- [What you need to do]
Set down precisely the lines from the line with "Pert Plch (vp�edu) a Petr Ber�nek" through the end of the material, inclusive, and no pictures.

- [The records]

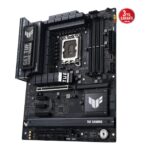ASUS TUF GAMING Z890-PLUS WIFI LGA1851 DDR5 9066 4xM2 WiFi7+BT AURA RGB 2.5GLAN - KAR62029 - Görsel 4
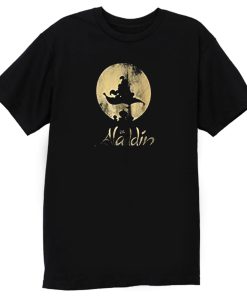 Aladdin Moonchild T Shirt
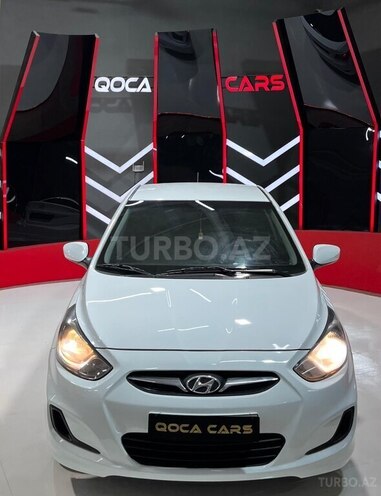 Hyundai Accent 2013, 225,005 km - 1.6 l - Sumqayıt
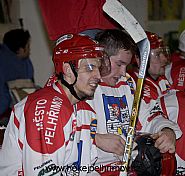 Pert Plch (vp�edu) a Petr Ber�nek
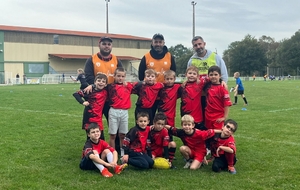 Tournoi des U8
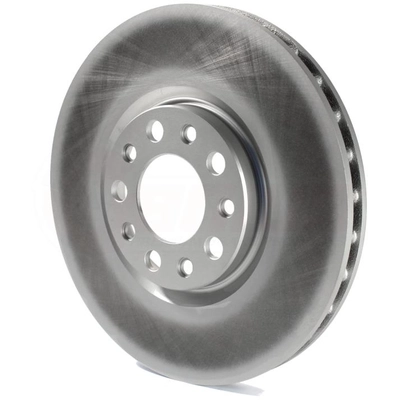 Front Disc Brake Rotor by GENIUS PREMIUM BRAKE PRODUCTS - GCR-780995 pa3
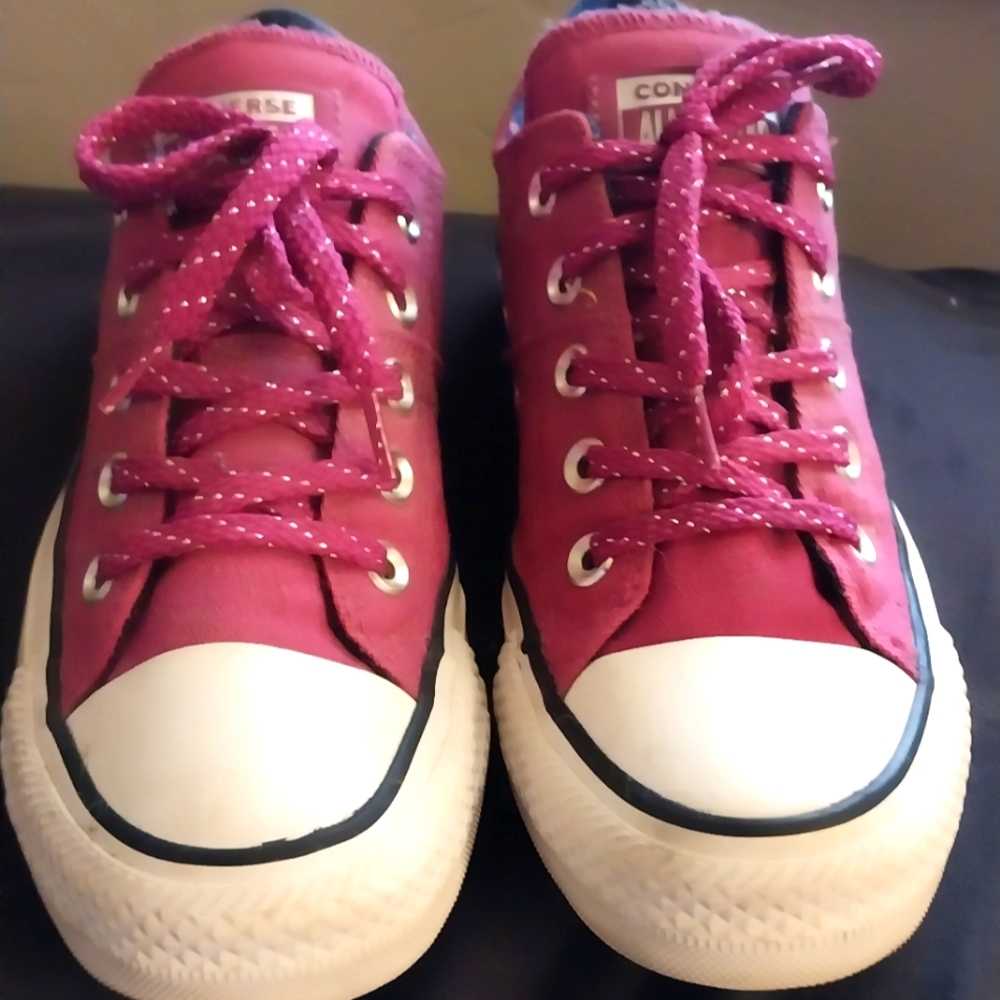 Converse Chuck Taylor All-Star Madison Mesa Rose Women's 6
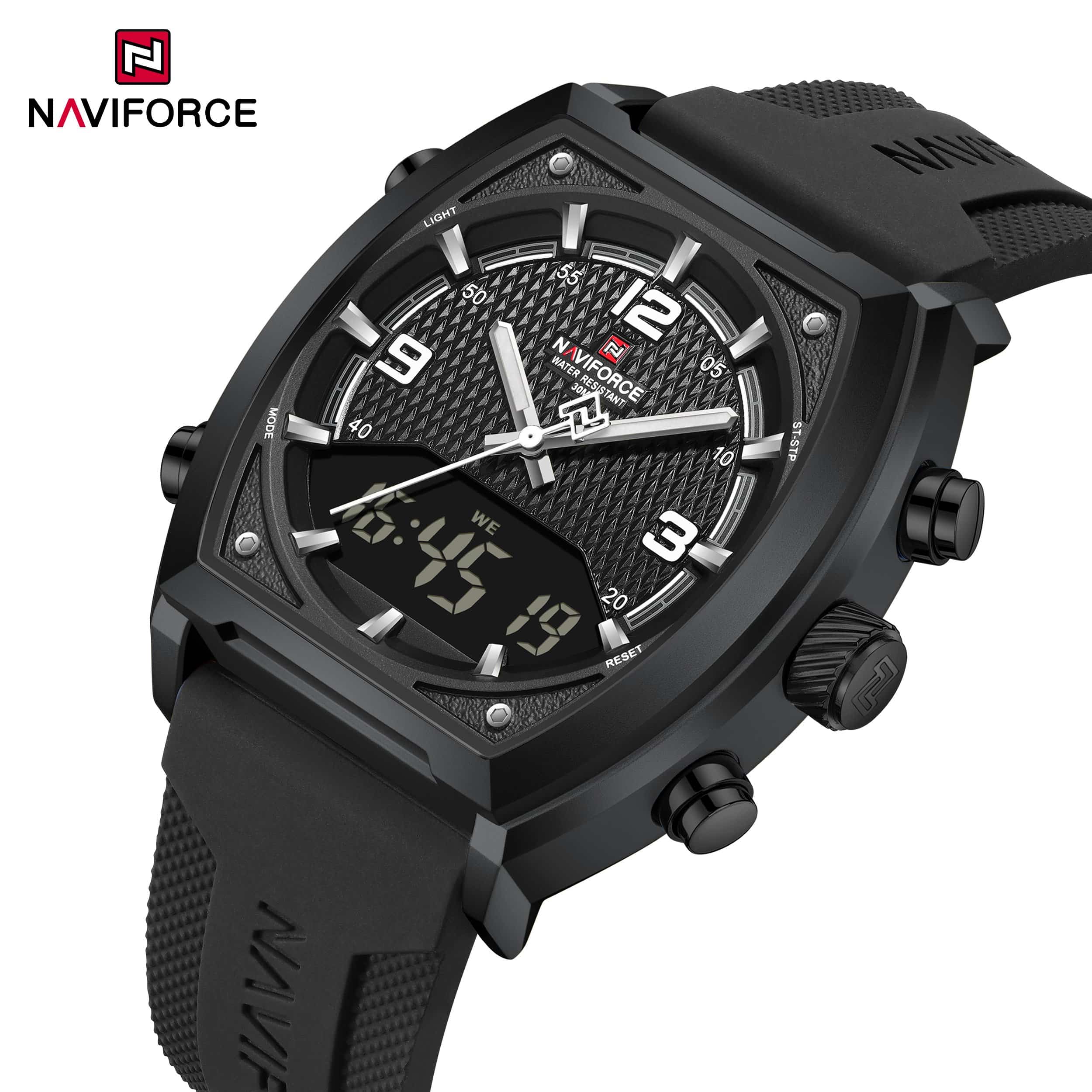 Naviforce NF 9242 Dual Master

- [Written response]
 Pert Plch (vp�edu) a Petr Ber�nek
 Tournoi des U8
 Front Disc Brake Rotor by GENIUS PREMIUM BRAKE PRODUCTS - GCR-780995 pa3
 Converse Chuck Taylor All-Star Madison Mesa Rose Women's 6
 Naviforce NF 9242 Dual Master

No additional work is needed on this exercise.